“I’ve been expecting you.”

These were the last words of Blessed Giuseppe “Pino” Puglisi on September 15th, 1993 – his 56th birthday – just before he was killed outside his home by a single bullet shot from point-blank range.

Puglisi was born in the rough working-class neighborhood of Palermo in Italy in 1937 to a family of modest means, his father a shoemaker and his mother a dressmaker. At the age of just 16, he entered the seminary and was ordained at 22.

He was ordained by Cardinal Ruffini, also from Palermo. Ruffini downplayed the threat of the Mafia, questioning their very existence and saying “so far as I know, it could be a brand of detergent.”

Father Pino, knowing the violence of the mafia all too well, responded in turn by saying: “we must criticize the church when we feel it doesn’t respond to our expectations, because it’s absolutely right to seek to improve it – but we should always criticize it like a mother, never a mother-in-law!”
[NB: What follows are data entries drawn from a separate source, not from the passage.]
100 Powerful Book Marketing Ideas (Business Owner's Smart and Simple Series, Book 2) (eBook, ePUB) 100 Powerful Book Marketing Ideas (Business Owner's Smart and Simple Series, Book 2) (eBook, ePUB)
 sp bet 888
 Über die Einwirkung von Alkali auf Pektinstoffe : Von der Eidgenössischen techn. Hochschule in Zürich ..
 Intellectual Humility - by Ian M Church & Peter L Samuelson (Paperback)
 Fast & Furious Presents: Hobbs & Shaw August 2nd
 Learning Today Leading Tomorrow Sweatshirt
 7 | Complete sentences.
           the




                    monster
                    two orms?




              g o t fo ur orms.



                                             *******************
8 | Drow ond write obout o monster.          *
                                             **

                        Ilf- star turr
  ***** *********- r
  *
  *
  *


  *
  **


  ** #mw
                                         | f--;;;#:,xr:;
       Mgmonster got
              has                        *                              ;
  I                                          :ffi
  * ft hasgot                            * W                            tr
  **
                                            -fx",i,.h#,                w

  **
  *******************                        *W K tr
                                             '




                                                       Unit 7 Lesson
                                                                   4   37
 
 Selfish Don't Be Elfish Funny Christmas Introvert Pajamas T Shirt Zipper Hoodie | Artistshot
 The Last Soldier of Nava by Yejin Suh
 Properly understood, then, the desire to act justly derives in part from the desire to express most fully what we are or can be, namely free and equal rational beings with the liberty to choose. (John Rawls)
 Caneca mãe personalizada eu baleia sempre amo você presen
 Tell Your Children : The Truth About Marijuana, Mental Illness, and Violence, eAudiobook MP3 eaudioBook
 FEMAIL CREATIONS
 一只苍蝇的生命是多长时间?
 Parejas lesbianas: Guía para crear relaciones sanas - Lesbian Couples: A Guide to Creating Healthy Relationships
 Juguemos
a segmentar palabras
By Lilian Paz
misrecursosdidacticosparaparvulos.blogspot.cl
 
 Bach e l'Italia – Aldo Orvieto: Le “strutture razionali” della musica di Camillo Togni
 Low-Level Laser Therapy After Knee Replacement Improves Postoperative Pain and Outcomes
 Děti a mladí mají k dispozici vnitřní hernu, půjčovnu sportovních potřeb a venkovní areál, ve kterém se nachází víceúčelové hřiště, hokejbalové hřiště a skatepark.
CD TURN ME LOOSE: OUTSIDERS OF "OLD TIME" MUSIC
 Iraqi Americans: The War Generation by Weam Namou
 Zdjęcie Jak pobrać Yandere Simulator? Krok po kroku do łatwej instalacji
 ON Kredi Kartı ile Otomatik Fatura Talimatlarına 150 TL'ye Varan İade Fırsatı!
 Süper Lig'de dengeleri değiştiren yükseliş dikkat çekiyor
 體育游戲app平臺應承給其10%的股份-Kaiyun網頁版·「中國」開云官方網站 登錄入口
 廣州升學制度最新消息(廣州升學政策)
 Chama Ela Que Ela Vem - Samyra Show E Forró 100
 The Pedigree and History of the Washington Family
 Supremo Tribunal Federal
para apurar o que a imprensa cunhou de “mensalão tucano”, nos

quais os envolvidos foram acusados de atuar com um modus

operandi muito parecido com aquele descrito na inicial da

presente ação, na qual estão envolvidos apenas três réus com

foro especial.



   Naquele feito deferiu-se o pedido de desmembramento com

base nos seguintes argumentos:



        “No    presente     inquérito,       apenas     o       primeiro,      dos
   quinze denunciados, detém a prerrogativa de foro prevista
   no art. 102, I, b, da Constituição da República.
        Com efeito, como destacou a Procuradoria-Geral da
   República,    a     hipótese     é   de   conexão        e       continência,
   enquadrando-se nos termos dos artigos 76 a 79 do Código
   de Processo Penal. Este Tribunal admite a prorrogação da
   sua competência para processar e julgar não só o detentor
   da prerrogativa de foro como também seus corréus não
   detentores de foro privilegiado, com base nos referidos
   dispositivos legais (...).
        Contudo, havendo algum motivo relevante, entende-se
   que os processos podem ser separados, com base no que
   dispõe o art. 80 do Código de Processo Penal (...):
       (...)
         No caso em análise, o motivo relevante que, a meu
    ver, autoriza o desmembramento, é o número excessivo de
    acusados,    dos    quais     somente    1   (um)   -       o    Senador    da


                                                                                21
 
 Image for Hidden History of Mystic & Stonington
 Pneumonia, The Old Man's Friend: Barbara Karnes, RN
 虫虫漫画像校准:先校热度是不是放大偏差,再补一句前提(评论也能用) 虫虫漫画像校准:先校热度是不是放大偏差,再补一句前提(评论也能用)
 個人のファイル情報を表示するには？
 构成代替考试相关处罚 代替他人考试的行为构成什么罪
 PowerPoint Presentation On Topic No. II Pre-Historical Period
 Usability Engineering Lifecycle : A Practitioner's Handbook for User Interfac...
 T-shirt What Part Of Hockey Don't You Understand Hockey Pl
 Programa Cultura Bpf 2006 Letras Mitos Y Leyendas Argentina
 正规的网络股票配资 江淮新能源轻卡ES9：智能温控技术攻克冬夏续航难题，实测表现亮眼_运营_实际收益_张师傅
30 years later, Pino returned to his old neighborhood and became the pastor of San Gaetano’s Parish despite being offered parishes in less crime-stricken areas.

He became an Antimafia champion, encouraging his parishioners to change their mentality of fear, passivity, and silence. His sermons included pleas to give leads to authorities about the Mafias doings and encouragements for children to stay in school and stay out of trouble. He refused to let the Mafia lead religious processions even when offered money, and once even declined a contract by a Mafia-led construction company to restore his church.

His works angered the Mafia, who sent assassins to his home and had him killed to the shock of all of Italy.

When Pope Saint John Paul II visited Sicily a little over a year later, he praised Pino as a “courageous exponent of the Gospel” and urged them not to let his death be in vain, echoing Pino’s message the silence is tantamount to complicity.

In 1999, Pino was proclaimed a Servant of God and in 2012 Benedict XVI said he was killed “in hatred of the faith,” paving the way for his beatification by Pope Francis in 2013 who condemned the Mafia and called him “an exemplary priest and a martyr.”

Pino left an Antimafia legacy that persists to this day. His favorite rhetorical phrase – se ognuno fa qualcosa, allora si può fare molto meaning if everyone does something, then we can do a lot – is scrawled on walls all over his home town.